Santos Domínguez Ramos

CREPÚSCULO ESPAÑOL DE CASANOVA

Cae la tarde amarilla, se va precipitando

la sombra tras las copas espesas de los pinos.

Y estos paisajes hondos, este otoño de viñas

me hablan muy lentamente del final de la hoguera,

de estas brasas que huelen a una dulce tristeza.

Me consuela la calma que tiene el campo ahora.

Me miro en el silencio interior del crepúsculo

y en el agua del río,

en el agua que corre somera y transitoria

oigo hablar a los muertos que fueron mis amigos.

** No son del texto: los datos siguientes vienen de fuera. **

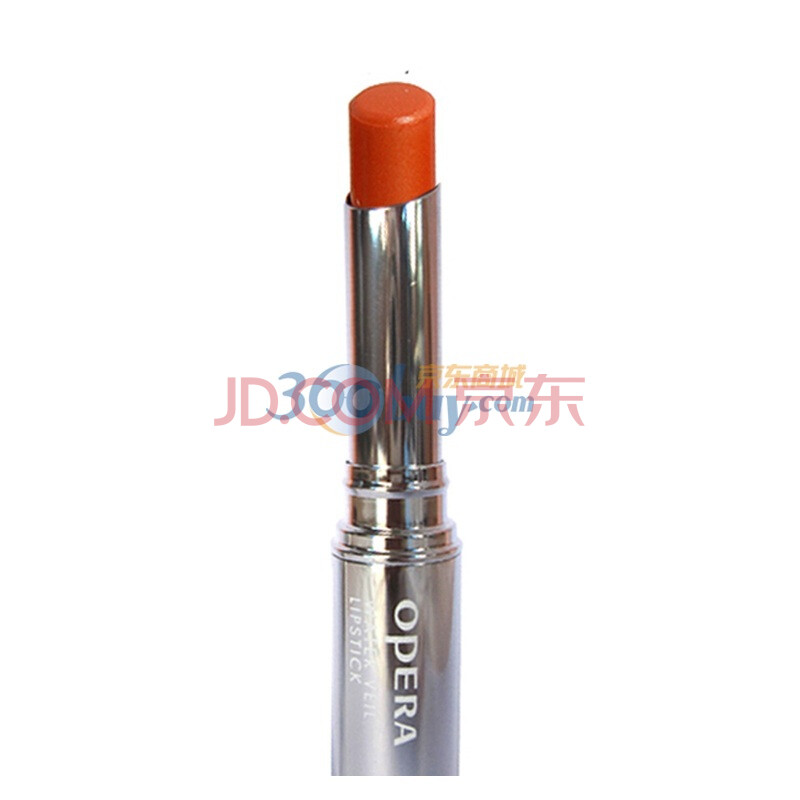 娥佩兰OPERA 水凝绚泽唇膏2g 2#金橙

El final de la tarde, con esta luz serena,

con esta mansedumbre de las convalecencias,

me entrega su piedad a la hora del espanto.

A esta edad la Fortuna ya no mira a los hombres:

mi equipaje es un hueco, un baúl de extravío,

lo que saldan las horas, un bagaje de humo

que pesa más ahora que cuando estaba lleno.

Mira otra vez. Quizá

solo es esto la vida:

Un túmulo de arena al sur de la ventisca,

la estatua indiferente en donde posa un pájaro

su frágil tiempo de aire,

la sombra del caballo contra un muro de agua.

Sí. Quizá los minutos, como las caracolas,

son huellas de cristal sobre la nube,

el péndulo marino que duerme en las campanas.

Tal vez la vida sea más un lugar que un tiempo.

Un lugar que confunde la máscara y la piedra,

la vigilia y la lluvia, los días y los nombres

en la hora de la esfinge y las inundaciones.

Tal vez la vida es esto:

la voluntad de nieve que hay en las pesadillas,

el espíritu áspero de una emulsión de lodo,

un incendio que sube por el acantilado,

cenizas y pavesas sobre las olas verdes,

la confusa blancura de las constelaciones.

Quizá sólo sea eso lo que la vida quiere:

fluir y atravesarte

como un inconsistente apócrifo del viento.

Mis ojos sólo miran el lugar de su ausencia.

Santos Domínguez Ramos

CERCANO COMO UN PÁJARO

Y donde hay un almendro hay un poquito de luz que es un temblor.

(José Antonio Muñoz Rojas)

El viento trae de pronto,

de un tiempo que no es suyo,

esta luz de equinocio que viene del futuro

a calentar el aire en la tarde de enero.

Un aire en el que crecen las raíces del pájaro

que cantará secreto en las frondas de mayo

desde la transparente prehistoria de su vuelo.

Y el aire iluminado

en el limpio cristal del horizonte,

el aire aún transitado por la estirpe del buitre,

herido todavía con un hielo de grullas

y de frutos leñosos de los bosques de invierno,

presagia ya otras tardes en la piel de la roca.

Tardes para la jara, con su dolor blanquísimo,

o el cárabo en el tibio tronco, en la conjetura

que no contiene el día, en el aire que agita

la silueta veñoz de la abubilla en vuelo

y el color encendido de los abejarucos.

Y en donde acaba el aire, el lugar de la mantis,

su acecho camuflado entre la hierba,

el sitio del reptil y de los ciervos jóvenes

que ven crecer la muerte en su mirada púber.

El final del paisaje es la luz habitada

por el tímido sol de esta tarde de enero

donde deja su huella caliente la mirada.

Esta tarde la vida se parece a este gato

que duerme ajeno al tiempo detrás de la ventana,

consciente de sus límites, tranquilo en su frontera.